The Clarinet BBoard
|
Author: Rick2
Date: 1999-03-03 05:48
Why do clarinets have a bell? Is it purely for aesthetics, or is there a physical reason? Why not just have the tube end at the proper length, or end it a bit farther down, cap the end, and install a tone hole where the end of the bell is now. Why a bell? A flute has no bell. Nor does a bassoon.
|
|
Reply To Message
|
|
Author: Arnold the basset hornist
Date: 1999-03-03 08:03
The bell has to make a similar high pass/low pass filter characteristica as the series of (small) open tone holes.
You may want to read <a href=http://www.sneezy.org/clarinet/BBoard/read.html?id=1795>about the physics of the clarinet</a>, answer No. 1795 in another thread.
The (boehm) flute is designed to have large tone holes (one open hole specifies the accoustical lenth allmost completely) - consequently no bell.
Only some rare old speciems of bassons had bells, nevertheless the conical bore is not continued in the end joint (I do not remember the name of this joint, I would have to look it up in my music dictionaries and handbooks) but is inverted (conical reduction).
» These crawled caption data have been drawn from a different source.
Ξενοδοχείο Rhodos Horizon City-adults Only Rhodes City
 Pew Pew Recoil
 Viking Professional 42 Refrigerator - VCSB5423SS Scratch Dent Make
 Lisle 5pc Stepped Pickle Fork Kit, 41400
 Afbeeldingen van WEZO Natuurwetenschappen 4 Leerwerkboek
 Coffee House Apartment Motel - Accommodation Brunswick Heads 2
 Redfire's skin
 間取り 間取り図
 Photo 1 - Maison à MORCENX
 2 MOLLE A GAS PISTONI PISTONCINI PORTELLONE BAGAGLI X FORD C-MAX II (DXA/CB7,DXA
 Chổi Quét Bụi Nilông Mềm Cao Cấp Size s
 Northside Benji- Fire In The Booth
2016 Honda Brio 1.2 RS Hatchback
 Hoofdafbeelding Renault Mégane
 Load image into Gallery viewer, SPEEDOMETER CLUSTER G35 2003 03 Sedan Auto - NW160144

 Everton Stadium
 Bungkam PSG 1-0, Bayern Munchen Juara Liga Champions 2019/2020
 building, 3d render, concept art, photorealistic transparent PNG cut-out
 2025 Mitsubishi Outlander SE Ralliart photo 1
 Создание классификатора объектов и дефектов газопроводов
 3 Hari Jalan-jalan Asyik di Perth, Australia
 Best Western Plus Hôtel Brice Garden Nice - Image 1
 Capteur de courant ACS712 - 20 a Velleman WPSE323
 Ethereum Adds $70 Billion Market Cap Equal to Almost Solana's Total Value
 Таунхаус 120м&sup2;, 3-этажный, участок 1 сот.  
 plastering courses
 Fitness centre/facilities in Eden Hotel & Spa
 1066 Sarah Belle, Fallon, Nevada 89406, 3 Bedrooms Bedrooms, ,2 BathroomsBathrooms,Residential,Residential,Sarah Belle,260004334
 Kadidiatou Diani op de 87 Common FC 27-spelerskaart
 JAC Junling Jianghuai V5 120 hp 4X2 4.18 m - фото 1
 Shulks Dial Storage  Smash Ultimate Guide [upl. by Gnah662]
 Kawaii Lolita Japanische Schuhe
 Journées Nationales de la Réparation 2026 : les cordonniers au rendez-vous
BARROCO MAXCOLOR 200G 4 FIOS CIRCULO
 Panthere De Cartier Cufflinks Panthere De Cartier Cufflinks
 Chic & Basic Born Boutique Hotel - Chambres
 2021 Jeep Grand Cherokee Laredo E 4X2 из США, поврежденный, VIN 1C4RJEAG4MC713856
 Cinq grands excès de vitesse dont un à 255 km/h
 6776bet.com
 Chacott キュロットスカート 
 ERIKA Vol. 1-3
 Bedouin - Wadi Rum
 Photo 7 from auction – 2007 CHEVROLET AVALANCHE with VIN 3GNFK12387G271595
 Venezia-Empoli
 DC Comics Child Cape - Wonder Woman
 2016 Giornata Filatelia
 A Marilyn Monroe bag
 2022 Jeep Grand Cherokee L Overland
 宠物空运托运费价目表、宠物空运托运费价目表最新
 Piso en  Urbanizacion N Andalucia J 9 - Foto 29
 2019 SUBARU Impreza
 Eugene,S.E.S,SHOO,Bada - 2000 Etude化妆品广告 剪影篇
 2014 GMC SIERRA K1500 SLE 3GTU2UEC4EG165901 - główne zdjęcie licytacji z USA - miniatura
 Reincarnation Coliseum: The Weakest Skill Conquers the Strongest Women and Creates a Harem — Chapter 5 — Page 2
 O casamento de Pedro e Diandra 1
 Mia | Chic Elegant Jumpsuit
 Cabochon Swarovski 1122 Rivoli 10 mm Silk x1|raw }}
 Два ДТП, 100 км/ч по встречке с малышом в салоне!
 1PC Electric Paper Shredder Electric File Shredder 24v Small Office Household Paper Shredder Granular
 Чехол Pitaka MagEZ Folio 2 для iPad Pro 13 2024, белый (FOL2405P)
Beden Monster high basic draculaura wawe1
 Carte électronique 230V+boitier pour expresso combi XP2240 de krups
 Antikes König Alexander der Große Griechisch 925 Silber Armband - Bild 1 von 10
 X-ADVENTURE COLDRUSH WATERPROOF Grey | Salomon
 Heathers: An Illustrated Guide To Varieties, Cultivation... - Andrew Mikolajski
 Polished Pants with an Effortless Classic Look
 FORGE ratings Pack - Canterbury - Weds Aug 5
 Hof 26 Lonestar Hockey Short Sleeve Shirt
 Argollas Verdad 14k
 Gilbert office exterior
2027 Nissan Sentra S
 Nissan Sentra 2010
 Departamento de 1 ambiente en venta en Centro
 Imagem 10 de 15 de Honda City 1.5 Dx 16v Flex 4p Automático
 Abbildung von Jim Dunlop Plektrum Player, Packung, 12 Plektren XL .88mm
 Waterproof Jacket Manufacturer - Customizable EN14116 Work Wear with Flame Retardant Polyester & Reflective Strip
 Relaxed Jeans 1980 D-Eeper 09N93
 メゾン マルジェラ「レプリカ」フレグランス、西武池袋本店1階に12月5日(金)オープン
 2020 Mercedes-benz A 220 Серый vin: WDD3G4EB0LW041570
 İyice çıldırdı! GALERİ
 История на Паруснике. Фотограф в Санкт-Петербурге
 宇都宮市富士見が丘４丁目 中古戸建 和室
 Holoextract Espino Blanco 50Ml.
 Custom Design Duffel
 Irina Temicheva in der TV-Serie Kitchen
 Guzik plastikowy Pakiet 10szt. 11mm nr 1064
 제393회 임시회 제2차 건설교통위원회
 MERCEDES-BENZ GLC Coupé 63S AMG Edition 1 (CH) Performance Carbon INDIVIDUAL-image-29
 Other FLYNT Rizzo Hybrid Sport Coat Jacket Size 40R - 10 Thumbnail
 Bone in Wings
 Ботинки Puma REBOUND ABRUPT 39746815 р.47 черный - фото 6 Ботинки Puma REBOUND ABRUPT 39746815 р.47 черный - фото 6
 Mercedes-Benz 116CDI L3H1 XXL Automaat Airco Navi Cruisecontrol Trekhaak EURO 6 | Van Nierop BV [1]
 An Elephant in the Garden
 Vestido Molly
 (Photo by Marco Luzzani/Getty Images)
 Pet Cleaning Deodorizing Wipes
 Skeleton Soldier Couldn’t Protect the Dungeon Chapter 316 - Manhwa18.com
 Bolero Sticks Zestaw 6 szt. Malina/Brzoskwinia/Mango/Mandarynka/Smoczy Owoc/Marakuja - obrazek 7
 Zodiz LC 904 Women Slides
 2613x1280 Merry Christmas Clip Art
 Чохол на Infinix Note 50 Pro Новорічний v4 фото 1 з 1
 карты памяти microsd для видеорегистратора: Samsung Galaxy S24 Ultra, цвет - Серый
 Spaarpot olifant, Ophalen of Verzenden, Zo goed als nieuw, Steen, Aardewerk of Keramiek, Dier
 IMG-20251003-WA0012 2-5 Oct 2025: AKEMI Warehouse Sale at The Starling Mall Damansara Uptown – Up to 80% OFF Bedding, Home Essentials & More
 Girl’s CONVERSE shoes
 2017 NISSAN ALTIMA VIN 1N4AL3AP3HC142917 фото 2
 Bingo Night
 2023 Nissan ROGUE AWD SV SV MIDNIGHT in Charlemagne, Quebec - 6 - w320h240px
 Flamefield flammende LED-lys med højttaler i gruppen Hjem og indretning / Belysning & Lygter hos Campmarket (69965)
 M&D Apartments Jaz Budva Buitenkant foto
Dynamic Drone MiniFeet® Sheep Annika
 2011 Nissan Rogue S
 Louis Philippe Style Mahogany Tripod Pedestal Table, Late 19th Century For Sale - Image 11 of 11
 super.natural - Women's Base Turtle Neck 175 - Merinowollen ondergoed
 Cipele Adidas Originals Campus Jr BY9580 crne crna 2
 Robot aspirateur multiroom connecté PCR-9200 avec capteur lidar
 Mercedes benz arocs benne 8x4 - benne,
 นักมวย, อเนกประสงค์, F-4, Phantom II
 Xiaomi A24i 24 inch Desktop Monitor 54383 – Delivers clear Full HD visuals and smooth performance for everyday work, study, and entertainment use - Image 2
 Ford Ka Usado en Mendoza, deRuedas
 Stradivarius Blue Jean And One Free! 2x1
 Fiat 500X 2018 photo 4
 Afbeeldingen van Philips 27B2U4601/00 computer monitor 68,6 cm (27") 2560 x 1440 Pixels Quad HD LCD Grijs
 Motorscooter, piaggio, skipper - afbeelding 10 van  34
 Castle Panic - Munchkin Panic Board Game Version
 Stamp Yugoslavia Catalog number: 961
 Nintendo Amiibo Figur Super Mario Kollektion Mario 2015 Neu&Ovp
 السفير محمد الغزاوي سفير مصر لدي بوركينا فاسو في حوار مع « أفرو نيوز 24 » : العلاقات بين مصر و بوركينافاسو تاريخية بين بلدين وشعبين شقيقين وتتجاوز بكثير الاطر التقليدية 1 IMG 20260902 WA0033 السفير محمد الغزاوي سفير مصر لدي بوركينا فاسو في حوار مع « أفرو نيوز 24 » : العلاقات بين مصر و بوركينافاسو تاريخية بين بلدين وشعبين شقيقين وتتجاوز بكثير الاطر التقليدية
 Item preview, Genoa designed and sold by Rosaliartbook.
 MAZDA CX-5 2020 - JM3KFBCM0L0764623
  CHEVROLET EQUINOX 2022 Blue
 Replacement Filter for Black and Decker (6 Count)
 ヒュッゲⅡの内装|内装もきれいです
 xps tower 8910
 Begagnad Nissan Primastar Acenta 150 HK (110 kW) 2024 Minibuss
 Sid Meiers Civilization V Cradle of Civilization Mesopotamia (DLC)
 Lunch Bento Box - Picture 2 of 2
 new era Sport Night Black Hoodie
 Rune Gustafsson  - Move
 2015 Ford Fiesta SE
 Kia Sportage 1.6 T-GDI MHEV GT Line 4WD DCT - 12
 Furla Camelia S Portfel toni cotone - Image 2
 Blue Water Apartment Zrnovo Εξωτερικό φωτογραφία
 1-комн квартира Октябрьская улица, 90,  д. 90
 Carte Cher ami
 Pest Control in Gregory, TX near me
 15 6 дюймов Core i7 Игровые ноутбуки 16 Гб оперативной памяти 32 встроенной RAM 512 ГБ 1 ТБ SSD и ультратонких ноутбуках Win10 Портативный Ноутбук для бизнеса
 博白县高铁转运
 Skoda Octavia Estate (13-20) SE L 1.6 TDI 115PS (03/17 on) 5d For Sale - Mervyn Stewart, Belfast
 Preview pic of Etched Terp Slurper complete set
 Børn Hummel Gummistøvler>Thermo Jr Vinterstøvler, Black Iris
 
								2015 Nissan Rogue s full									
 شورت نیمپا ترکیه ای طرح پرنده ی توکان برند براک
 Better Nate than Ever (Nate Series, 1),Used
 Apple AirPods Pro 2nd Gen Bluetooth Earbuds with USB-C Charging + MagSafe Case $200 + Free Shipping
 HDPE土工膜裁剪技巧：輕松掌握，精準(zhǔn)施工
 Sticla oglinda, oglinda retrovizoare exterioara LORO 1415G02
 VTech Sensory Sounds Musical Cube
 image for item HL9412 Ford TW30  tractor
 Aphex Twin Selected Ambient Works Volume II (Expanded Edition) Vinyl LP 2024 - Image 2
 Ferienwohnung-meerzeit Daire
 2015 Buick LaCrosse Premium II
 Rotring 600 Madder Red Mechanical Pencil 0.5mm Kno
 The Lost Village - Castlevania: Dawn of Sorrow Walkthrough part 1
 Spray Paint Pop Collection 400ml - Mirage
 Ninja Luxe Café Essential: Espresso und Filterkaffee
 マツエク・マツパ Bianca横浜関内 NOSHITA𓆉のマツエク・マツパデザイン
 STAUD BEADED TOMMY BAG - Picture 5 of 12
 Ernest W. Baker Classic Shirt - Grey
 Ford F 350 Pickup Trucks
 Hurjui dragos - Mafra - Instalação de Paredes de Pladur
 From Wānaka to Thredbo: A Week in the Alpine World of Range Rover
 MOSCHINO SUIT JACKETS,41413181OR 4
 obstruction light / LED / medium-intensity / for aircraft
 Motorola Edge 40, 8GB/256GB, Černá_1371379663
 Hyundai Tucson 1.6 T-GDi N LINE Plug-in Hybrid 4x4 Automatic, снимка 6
The first boem clarinets (made by Klose and Buffet) were designed to have large tone holes, but the result was a bad intonation (Albert made the better intonated instruments with the 'old' system, that's the origin of the idiom 'Albert System'). Well, the volume in the closed tone holes effects the 'accoustical working bore diameter' which results in not speaking to the twelfth exactly anymore (modern compensation method: polycylindrical bore)
|
|
Reply To Message
|
|
Author: ted
Date: 1999-03-03 17:27
That reminds me ... I've seen photos of clarinets with an open hole (called a E/B hole) right above the bell. It's not intended to be covered by a finger or pad. It's purpose I believe seems to be a regular tone hole for the low E and B, as opposed to the bell serving as the tone hole.
|
|
Reply To Message
|
|
Author: Albert
Date: 1999-03-03 22:52
Rick-
Try to play low E without Mr. Bell. :O)
|
|
Reply To Message
|
|
Author: Arnold the basset hornist
Date: 1999-03-04 06:21
I just forgot to add:
In it's early times the clarinet got a bell thus improving the 'leaping' (I do not have a musical dictionary here, I mean the ease to start the sound, how stable it is just at be beginning) of the clarion long B natural.
I heard this 'response' is a generic problem at the basset clarinets, too - more or less solved by the instrument makers.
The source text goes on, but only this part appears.